[Data — start]
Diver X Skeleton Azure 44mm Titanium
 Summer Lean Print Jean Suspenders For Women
[Data — finish]
[Data — start]
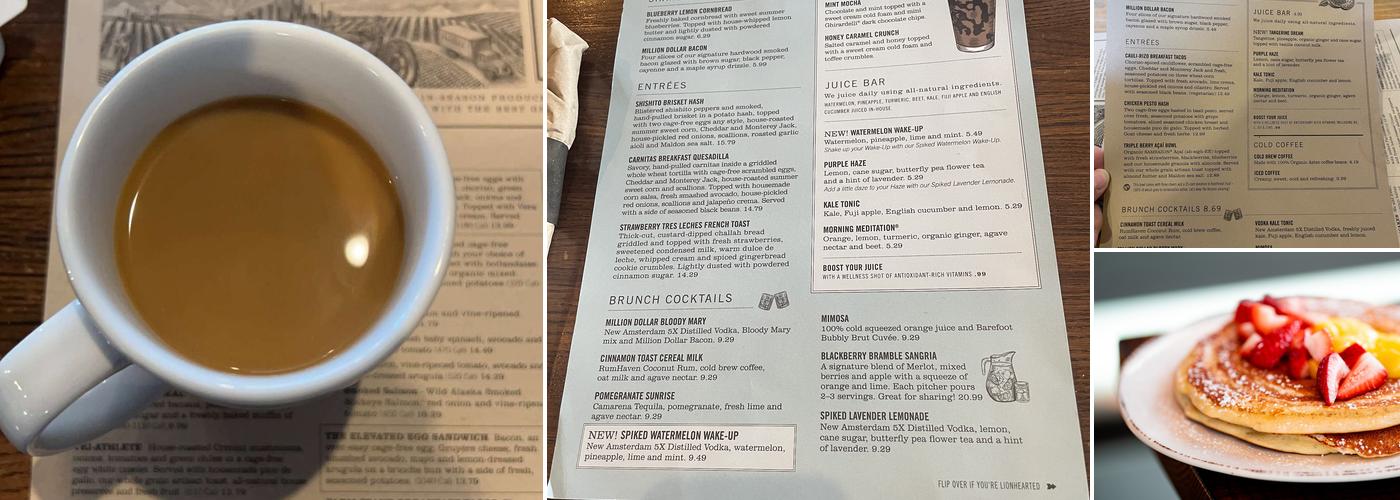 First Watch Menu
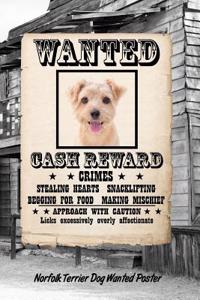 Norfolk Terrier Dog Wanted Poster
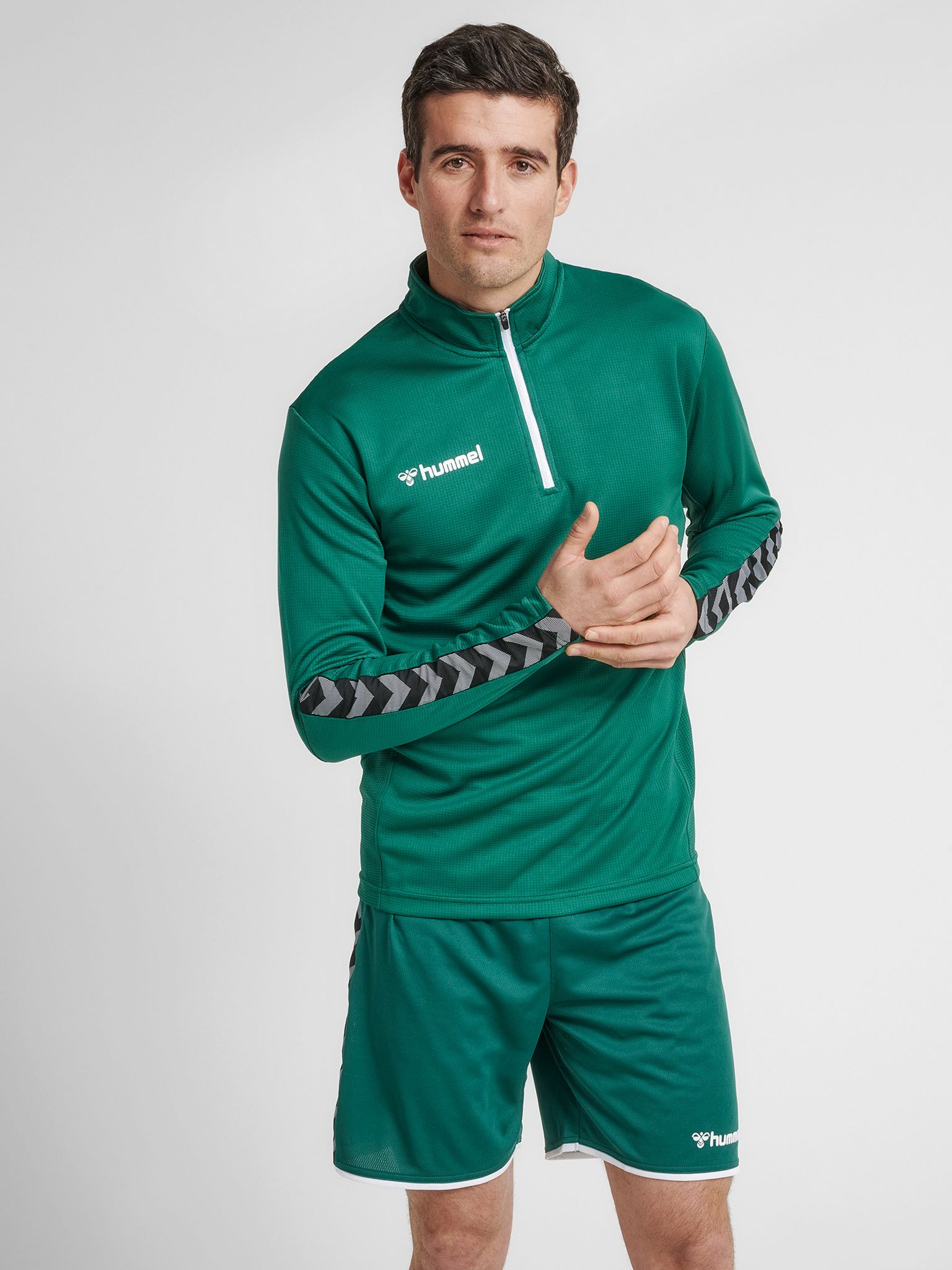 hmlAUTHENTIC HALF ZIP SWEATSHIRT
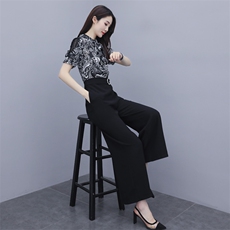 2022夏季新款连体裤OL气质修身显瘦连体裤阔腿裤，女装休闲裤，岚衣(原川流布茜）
[Data — finish]
[Data — start]
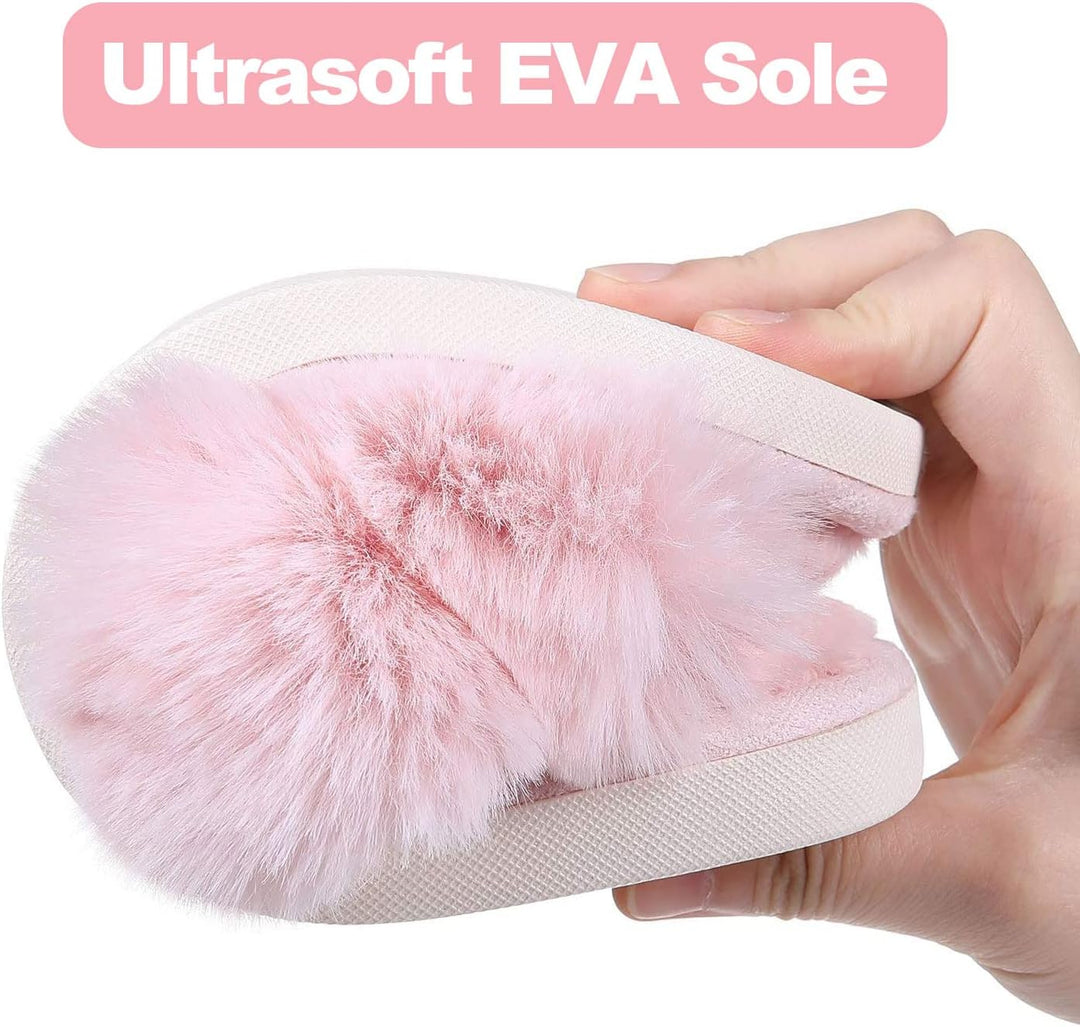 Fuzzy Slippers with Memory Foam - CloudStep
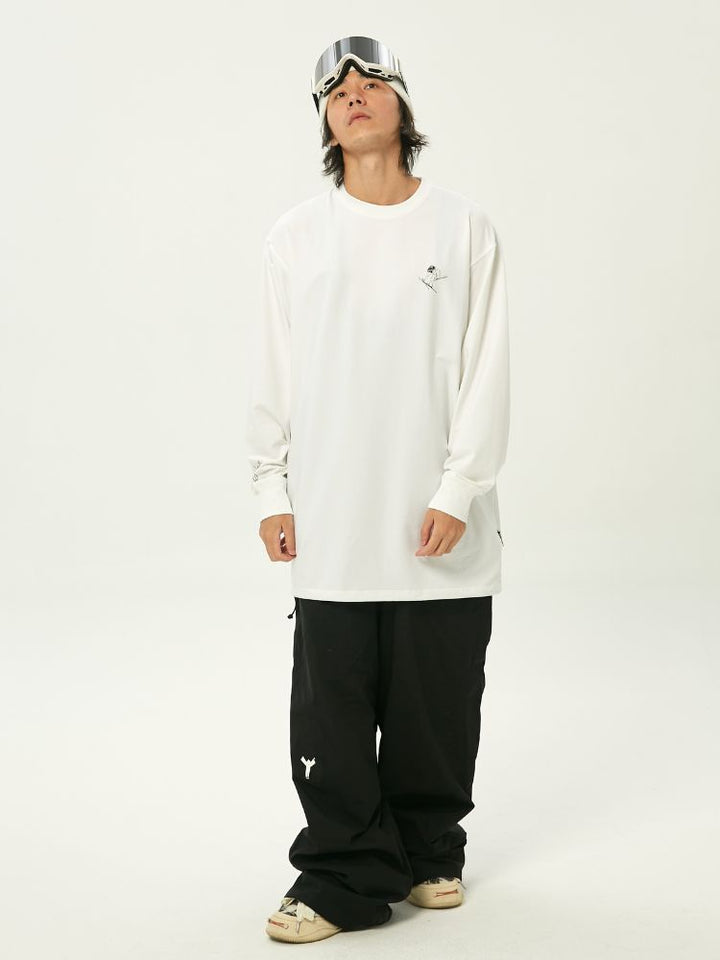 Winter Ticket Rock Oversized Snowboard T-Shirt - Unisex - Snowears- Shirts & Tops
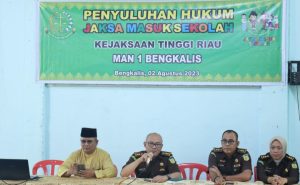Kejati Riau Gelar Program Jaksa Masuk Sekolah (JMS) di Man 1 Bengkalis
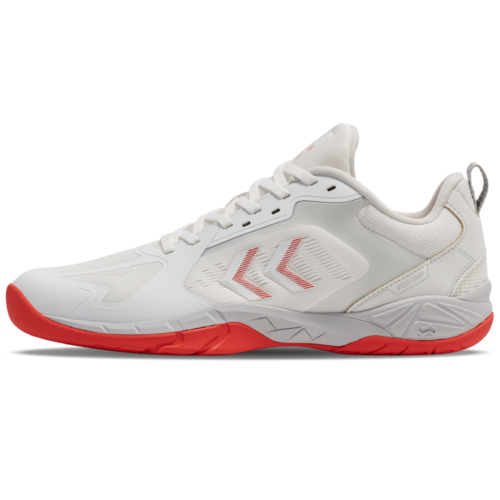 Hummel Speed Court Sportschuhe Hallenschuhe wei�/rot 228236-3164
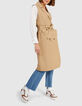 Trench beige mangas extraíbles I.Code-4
[Data — finish]
Task: All pictures are to be skipped. Output, word for word, the lines in the data above starting at the line containing "Kejati Riau Gelar" and ending at the line containing "Trench beige mangas extraíbles I.Code-4".

Solution for this task:
Kejati Riau Gelar Program Jaksa Masuk Sekolah (JMS) di Man 1 Bengkalis
 Hummel Speed Court Sportschuhe Hallenschuhe wei�/rot 228236-3164
 Trench beige mangas extraíbles I.Code-4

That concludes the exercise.